> _Your assignment_: Word for word, the data below must be repeated in full; no picture is to be included.

> _Information shown_:
━━━
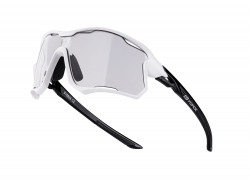 Ochelari Force Edie, lentila fotocromata, alb/negru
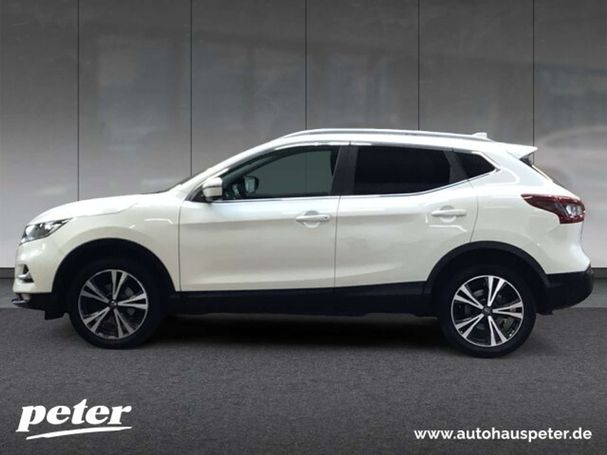 Nissan Qashqai 1.3 DIG-T N-CONNECTA 103 kW image number 5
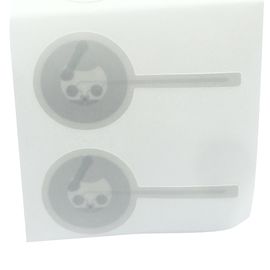 ضد دستکاری قابل برنامه ریزی 13.56MHz NFC213 215 216 Nfc Tags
━━━
> _Solution_:
 Ochelari Force Edie, lentila fotocromata, alb/negru
 Nissan Qashqai 1.3 DIG-T N-CONNECTA 103 kW image number 5
 ضد دستکاری قابل برنامه ریزی 13.56MHz NFC213 215 216 Nfc Tags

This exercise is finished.